What the exercise asks
Using the listing below, set down exactly the lines from the one that contains "Black-framed sunroom enclosure" through the one that contains "Ponad 3 miliony na", with no pictures.

Record set
- Opening Delimiter -
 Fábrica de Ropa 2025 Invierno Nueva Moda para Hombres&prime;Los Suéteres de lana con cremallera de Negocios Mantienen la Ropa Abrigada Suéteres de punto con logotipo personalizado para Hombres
- Closing Delimiter -
- Opening Delimiter -
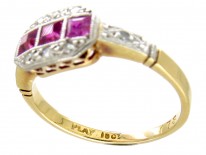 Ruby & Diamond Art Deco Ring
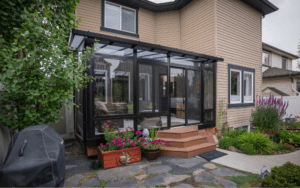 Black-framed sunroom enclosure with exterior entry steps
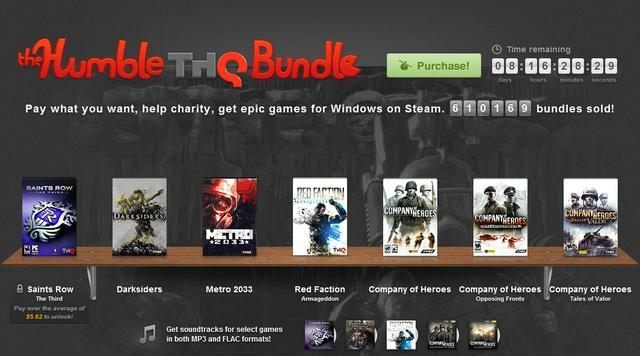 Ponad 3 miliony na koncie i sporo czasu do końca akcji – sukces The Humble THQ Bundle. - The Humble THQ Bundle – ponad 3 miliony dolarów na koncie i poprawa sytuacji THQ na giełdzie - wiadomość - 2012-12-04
- Closing Delimiter -
- Opening Delimiter -
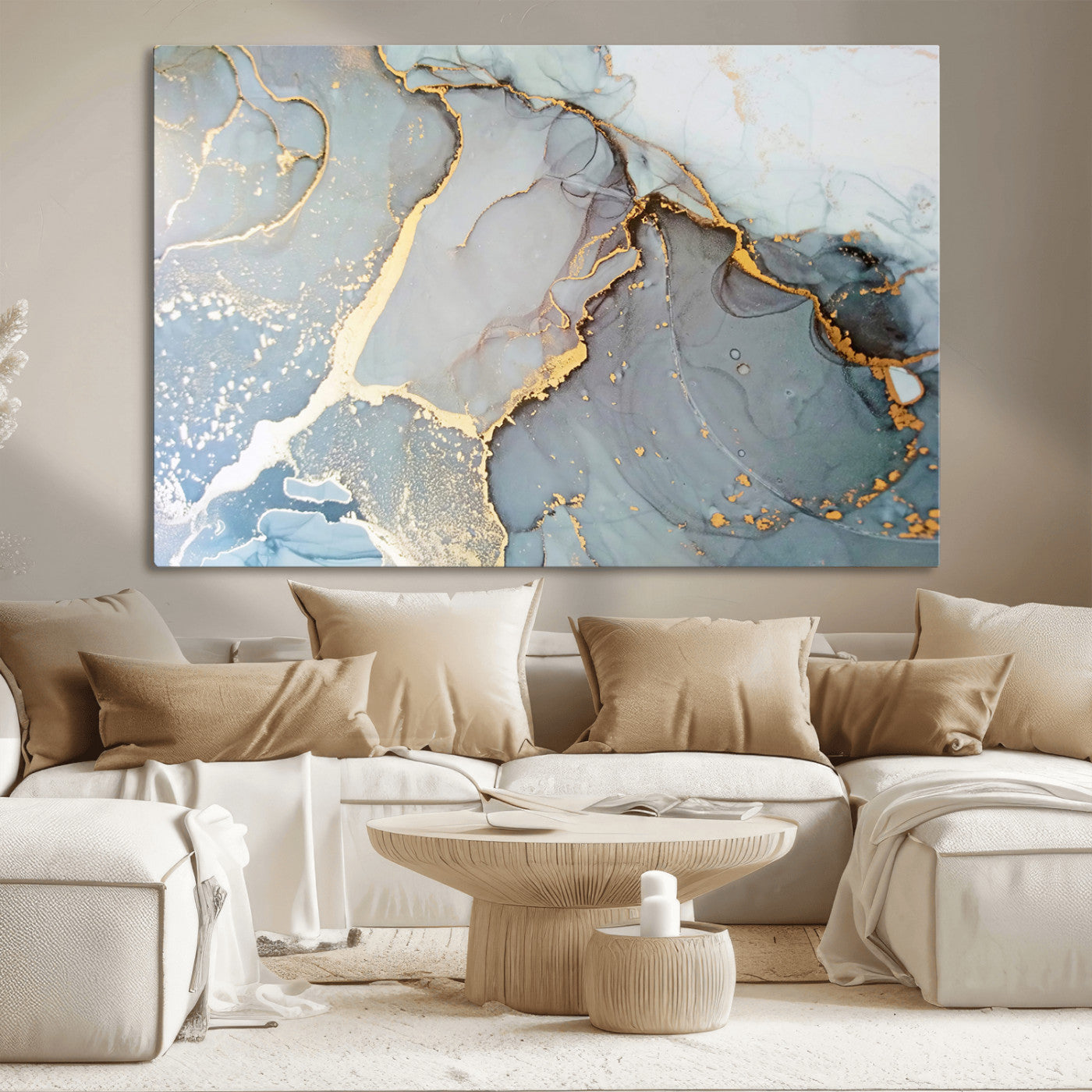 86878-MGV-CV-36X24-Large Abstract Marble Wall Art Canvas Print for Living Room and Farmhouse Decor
- Closing Delimiter -
Result for this task
 Black-framed sunroom enclosure with exterior entry steps
 Ponad 3 miliony na koncie i sporo czasu do końca akcji – sukces The Humble THQ Bundle. - The Humble THQ Bundle – ponad 3 miliony dolarów na koncie i poprawa sytuacji THQ na giełdzie - wiadomość - 2012-12-04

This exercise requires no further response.